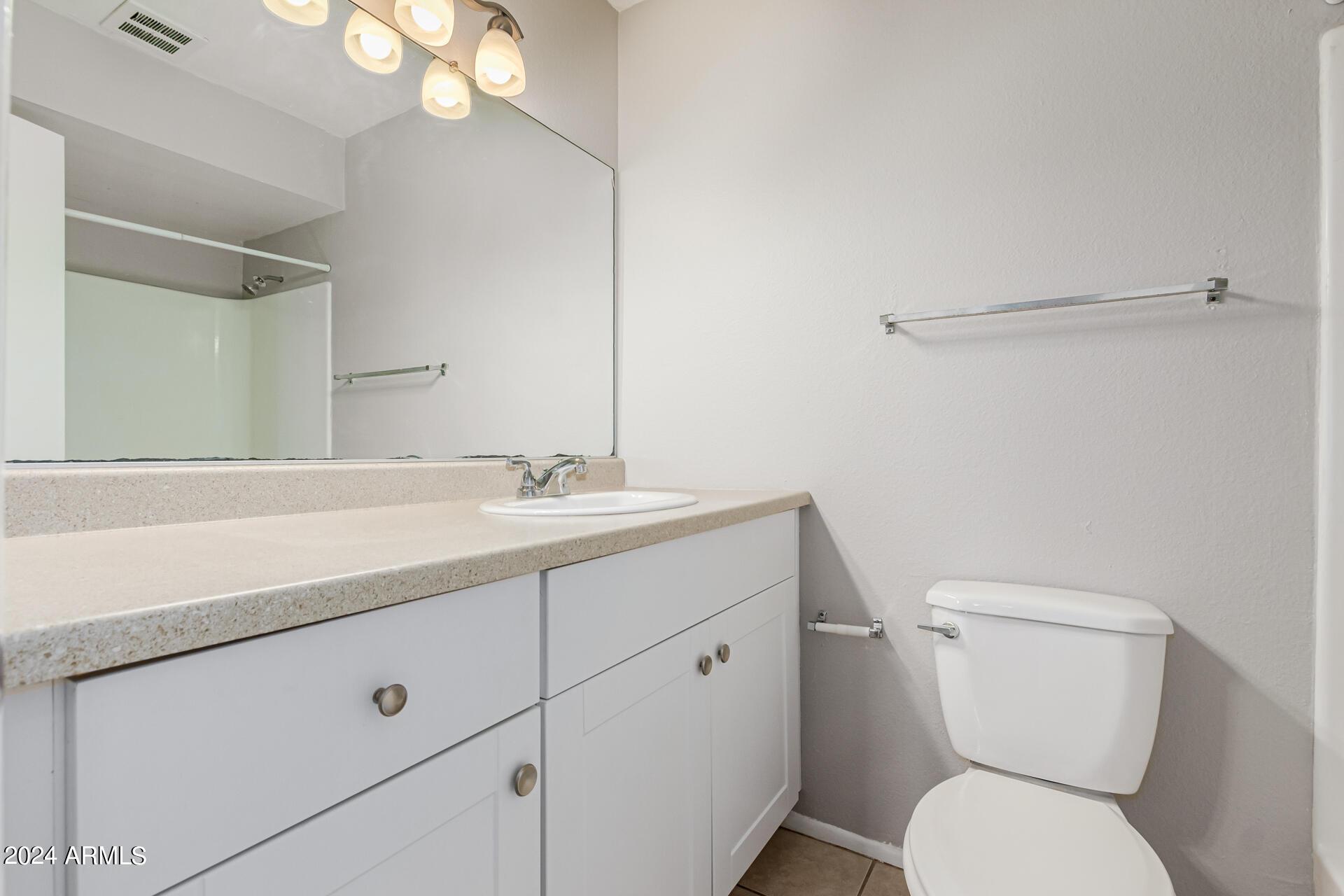 8055 E Thomas Road, F202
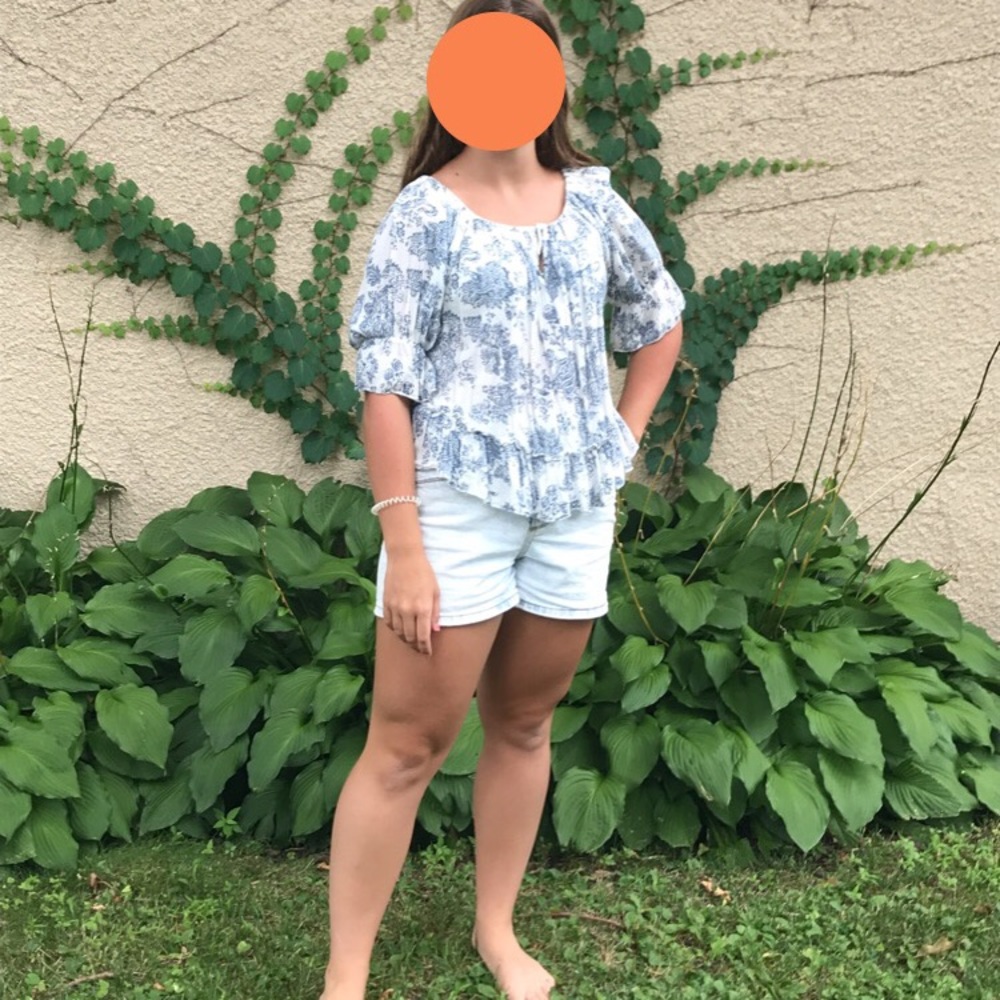 floral blouse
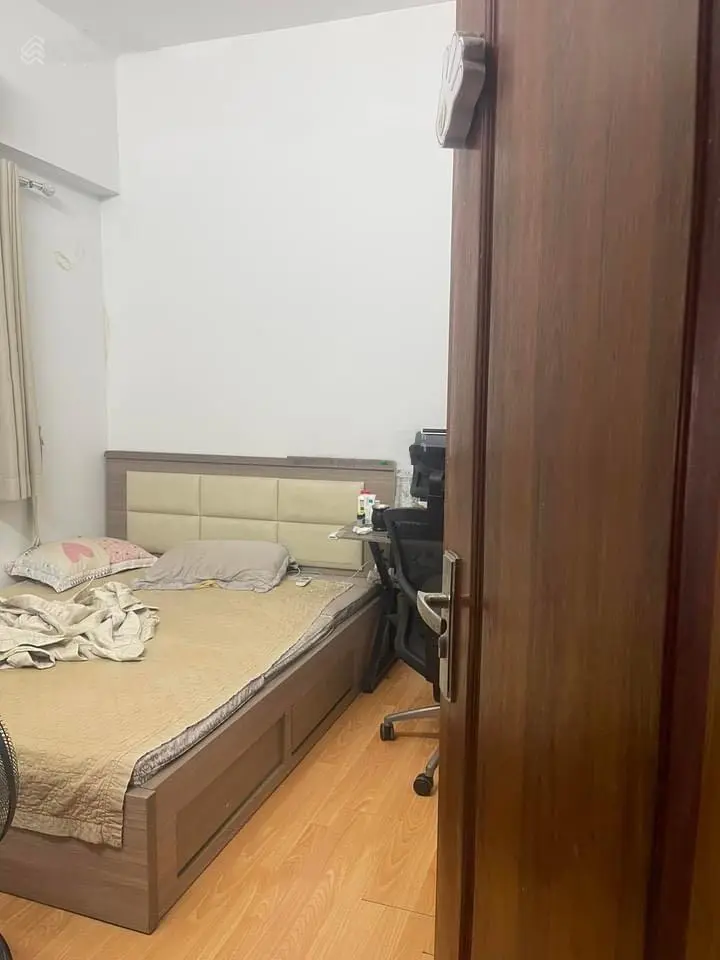 Bán căn 2 ngủ 60m2 sổ đỏ chính chủ tại tòa VP5 Linh Đàm - Hoàng Mai - Hà Nội. Giá cực tốt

■ **What needs to be done**: In your answer, copy exactly the lines running from the line with "floral blouse" to the end of the material above, both included, and omit all pictures.

■ **Completed exercise**:
 floral blouse
 Bán căn 2 ngủ 60m2 sổ đỏ chính chủ tại tòa VP5 Linh Đàm - Hoàng Mai - Hà Nội. Giá cực tốt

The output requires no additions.